■ **YOUR OBJECTIVE**
Return every line of the records that includes the string "Fotop".

■ **AVAILABLE DATA**
___

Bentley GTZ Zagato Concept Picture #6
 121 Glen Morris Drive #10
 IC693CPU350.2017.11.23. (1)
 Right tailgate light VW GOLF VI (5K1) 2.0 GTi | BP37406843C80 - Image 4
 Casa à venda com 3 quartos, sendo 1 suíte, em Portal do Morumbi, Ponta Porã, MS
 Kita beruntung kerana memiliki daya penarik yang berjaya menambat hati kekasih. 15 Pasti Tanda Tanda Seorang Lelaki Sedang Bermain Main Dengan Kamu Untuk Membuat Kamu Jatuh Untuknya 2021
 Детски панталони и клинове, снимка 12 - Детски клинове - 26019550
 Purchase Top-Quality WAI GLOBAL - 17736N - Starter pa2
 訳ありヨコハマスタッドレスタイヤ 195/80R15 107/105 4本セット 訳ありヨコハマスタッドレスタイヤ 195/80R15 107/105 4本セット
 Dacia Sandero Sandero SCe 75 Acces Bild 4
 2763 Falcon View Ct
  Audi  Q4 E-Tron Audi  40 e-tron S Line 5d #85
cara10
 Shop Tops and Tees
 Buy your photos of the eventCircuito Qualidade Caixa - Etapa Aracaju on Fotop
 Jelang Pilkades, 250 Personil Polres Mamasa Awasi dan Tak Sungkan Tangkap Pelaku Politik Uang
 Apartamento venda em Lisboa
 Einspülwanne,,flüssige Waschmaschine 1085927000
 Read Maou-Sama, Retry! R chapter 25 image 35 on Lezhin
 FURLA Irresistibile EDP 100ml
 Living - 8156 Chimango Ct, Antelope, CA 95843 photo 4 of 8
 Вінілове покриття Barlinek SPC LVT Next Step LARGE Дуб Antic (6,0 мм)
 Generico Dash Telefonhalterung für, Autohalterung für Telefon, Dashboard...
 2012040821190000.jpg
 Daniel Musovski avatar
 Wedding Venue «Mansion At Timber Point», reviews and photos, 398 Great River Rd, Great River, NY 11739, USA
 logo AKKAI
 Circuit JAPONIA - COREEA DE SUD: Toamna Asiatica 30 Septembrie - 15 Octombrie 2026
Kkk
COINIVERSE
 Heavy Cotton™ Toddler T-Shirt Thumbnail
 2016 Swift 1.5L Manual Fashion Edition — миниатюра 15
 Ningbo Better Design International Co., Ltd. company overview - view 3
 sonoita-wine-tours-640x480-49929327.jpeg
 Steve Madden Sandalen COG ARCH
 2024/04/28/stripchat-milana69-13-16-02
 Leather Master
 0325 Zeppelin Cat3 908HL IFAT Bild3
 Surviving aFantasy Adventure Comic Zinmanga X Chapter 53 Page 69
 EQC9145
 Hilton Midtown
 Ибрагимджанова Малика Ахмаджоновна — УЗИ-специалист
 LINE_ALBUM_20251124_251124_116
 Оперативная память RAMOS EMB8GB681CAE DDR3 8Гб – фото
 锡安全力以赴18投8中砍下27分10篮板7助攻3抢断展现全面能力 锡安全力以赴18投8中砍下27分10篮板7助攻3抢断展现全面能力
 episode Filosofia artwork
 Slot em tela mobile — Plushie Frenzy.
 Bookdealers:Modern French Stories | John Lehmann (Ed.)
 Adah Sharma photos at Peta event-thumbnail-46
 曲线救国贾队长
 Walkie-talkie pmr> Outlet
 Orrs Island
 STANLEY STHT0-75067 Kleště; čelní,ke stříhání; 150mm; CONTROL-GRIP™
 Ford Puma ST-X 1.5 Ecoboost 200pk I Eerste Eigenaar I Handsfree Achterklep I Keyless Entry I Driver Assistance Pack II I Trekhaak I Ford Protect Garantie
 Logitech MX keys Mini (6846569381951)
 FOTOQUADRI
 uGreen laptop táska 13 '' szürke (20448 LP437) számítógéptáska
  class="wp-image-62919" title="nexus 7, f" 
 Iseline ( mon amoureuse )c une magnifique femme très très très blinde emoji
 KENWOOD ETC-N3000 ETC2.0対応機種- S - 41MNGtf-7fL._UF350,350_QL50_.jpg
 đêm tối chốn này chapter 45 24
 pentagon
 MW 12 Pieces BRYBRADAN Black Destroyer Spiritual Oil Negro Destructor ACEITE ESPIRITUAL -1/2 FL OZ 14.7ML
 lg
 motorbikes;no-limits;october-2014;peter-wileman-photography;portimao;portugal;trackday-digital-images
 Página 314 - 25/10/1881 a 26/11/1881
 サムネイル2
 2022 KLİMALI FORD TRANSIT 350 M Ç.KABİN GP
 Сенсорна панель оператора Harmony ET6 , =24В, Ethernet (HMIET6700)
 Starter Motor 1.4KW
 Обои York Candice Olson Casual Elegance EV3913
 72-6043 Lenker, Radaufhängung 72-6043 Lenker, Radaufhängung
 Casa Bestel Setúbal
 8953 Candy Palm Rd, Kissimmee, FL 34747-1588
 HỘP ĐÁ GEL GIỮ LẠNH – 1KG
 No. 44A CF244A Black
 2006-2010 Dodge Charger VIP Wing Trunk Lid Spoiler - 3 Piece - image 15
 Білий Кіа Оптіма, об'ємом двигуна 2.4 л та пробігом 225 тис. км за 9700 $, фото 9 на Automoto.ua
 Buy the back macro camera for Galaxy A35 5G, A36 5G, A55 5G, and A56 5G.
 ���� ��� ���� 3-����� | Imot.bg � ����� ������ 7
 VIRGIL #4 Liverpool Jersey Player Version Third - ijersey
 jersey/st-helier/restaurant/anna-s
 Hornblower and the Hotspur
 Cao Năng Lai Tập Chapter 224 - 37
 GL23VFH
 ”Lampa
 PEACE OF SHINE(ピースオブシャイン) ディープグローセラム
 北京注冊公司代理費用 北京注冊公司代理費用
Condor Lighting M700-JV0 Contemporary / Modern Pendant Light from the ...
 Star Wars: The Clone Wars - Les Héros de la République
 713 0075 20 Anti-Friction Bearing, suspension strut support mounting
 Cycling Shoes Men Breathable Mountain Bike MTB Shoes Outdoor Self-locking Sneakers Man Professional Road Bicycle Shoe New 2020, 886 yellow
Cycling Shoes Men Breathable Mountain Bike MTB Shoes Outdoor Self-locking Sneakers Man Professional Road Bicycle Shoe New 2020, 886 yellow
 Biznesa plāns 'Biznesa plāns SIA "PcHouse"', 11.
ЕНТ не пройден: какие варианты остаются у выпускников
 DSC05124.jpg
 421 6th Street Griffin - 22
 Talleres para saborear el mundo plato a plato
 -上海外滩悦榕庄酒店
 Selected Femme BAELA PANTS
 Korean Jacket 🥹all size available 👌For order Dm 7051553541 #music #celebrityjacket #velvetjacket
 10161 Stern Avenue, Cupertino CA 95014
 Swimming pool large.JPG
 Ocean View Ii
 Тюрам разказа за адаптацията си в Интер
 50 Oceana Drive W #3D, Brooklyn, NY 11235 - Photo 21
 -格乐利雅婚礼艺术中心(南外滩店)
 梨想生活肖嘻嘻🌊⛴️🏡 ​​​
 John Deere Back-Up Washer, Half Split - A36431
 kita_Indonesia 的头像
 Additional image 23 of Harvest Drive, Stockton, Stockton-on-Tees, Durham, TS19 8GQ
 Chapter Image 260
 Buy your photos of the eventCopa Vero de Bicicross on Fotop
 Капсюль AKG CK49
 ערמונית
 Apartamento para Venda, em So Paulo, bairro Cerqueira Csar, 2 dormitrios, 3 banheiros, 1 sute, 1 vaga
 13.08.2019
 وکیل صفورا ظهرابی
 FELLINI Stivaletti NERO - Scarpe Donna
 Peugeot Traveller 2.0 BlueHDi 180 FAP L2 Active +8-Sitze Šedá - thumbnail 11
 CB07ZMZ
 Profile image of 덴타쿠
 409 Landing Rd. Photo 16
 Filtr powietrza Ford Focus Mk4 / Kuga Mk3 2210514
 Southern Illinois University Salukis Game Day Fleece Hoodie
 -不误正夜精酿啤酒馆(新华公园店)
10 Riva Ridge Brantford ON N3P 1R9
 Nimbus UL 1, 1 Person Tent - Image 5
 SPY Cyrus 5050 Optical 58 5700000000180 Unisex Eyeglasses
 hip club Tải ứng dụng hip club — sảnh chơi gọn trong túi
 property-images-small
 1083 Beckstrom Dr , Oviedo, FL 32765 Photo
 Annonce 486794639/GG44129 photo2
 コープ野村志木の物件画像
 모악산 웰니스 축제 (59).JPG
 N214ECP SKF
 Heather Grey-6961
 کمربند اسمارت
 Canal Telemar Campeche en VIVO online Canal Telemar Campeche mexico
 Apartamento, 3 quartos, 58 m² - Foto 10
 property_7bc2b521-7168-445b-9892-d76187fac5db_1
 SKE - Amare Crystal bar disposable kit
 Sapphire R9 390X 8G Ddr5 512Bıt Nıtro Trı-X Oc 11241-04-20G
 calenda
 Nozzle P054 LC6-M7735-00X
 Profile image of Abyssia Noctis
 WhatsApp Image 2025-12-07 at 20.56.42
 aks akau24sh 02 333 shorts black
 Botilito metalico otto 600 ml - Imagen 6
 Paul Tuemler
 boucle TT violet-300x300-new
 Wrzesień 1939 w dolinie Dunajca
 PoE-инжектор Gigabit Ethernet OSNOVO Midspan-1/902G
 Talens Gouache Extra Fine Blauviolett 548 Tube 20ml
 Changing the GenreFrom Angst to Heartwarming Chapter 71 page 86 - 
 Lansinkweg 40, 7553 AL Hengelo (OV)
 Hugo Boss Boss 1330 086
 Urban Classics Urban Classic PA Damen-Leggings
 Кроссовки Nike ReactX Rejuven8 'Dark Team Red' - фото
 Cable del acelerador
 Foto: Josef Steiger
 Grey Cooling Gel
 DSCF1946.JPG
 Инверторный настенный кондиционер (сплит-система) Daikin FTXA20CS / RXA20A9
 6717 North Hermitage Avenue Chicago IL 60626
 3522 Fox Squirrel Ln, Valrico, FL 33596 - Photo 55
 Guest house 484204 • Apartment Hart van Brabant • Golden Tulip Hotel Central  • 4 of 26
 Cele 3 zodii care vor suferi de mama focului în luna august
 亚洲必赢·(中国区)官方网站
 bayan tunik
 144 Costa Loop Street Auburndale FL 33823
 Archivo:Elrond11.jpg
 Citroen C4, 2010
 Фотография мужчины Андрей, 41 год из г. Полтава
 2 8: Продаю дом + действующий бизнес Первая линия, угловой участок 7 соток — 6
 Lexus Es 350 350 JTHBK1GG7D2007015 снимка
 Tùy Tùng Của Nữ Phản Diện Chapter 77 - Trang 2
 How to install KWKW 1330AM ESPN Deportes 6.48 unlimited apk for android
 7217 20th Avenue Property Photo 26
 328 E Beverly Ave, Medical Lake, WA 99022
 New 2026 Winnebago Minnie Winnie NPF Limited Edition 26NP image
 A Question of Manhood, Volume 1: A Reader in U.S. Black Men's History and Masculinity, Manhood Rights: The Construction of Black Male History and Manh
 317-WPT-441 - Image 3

___

■ **ANSWER**
 Buy your photos of the eventCircuito Qualidade Caixa - Etapa Aracaju on Fotop
 Buy your photos of the eventCopa Vero de Bicicross on Fotop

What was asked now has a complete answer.